“The report resets the UK pension debate – by reminding employers and trustees that the interests of pension scheme members are paramount.”
The BP Pensioner Group – representing 2,800 members of the BP Defined Benefit Pension Scheme – strongly welcomed the findings of Parliament’s Work & Pensions Select Committee Report published today.
Among recommendations, the report calls on the Government and The Pensions Regulator (TPR) to consider ways of “ensuring the reasonable expectations of scheme members for benefit enhancement are met where there has been a history of discretionary increases.”
This is at the core of a number of emerging disputes involving UK pension funds – including the BP pension scheme – where BP has imposed an 11% cut in the value of pensions paid over the past two years despite the Fund being in record surplus and BP enjoying record profits and its executives being awarded record pay rises.
The Select Committee also noted in respect to the governance of DB schemes that: “The TPR and Ministers confirmed their view that the interests of scheme members should remain paramount, and decisions should be made by trustees in line with their fiduciary duties.”
BP Pensioner Group spokesman, Mike Slingsby said:
“We strongly welcome and endorse the findings of the Select Committee Inquiry.

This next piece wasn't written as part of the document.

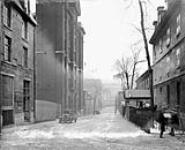 Unidentified alley (street scene) ca. 1920s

The Committee and its report have reset the debate about the UK’s Defined Benefit pensions by reminding employers and trustees that the interests of the pension scheme member remainparamount. This requires that there is an active, robust conversation and challenge between trustees and sponsors in terms of making sure that members get the right benefit and that any conflicts of interest are appropriately recognised and addressed.
“In the case of the BP Pension Fund, recent decisions by BP and the Pension Fund Trustee appear to have lost sight of this fundamental fiduciary duty. The failure to maintain the value of pensions paid over the past two years – in complete disregard to a long-standing policy and practice of discretionary increases – is unacceptable and is now under legal challenge. Pensioners should not have to resort to the Courts at this stage of their lives – and we hope that this Report encourages BP and the Trustee to see sense.

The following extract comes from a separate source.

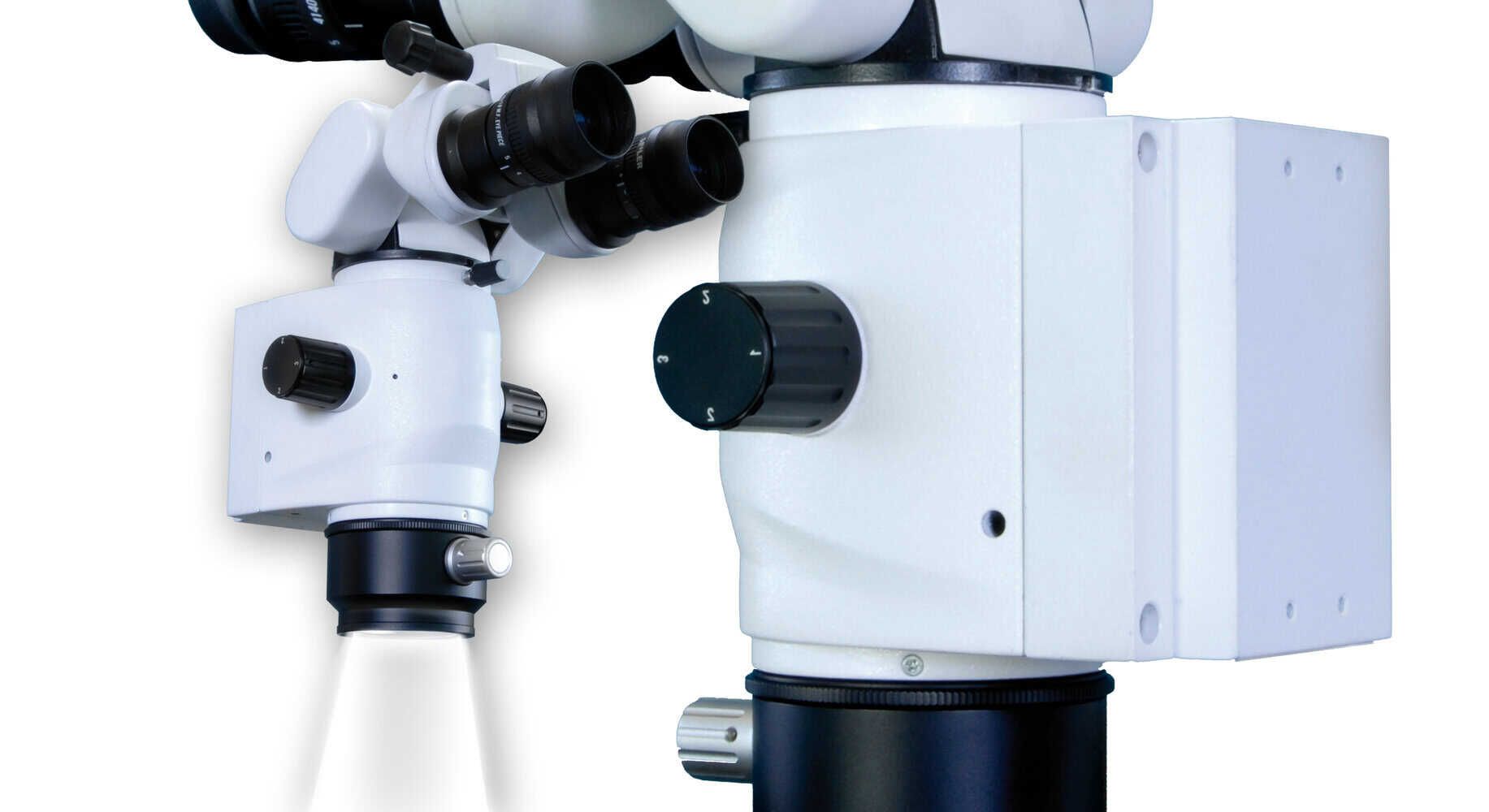 Illumination System for Common Main Objective Dental and Surgical Microscopes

“We thank Sir Stephen Timms, MP and his Committee members for their diligence in undertaking this important inquiry and ensuring the voice of UK pensioners can be properly heard.”
Notes to Editors
- The BP Pension Fund has c. 59,000 members of whom 14,000 are over the age of 80. The average annual pension paid is c. £16,700 pa.
- For some 30 years, BP and the Trustees have given written and verbal assurances that their policy is to “increase pensions fully in line with cost-of-living increases wherever possible and provided the Fund has sufficient resources.” During that period, whenever inflation (RPI) has increased above 5%, discretionary increases were awarded fully in line with inflation.
- Thousands of BP employees invested their own money into the Fund with that assurance. The Fund currently has a very strong surplus of £5.1 billion.
- In 2022 and 2023, BP acted to block the recommendations of the Trustee to award discretionary increases leading to an 11% fall in the real value of the pension.
- The BP Pension Fund trustee recently admitted that it was in talks with insurance companies inviting them to ‘buy-in’ to the Fund. Buy-In arrangements are invariably the first step leading to a complete sell off of pension funds to insurance companies.
- BP has claimed that 100% of the surplus, well over actuarial forecasts, is needed to assure member benefits to 2080, but has also booked the £5.1 billion pension fund surplus as a Company asset on its books.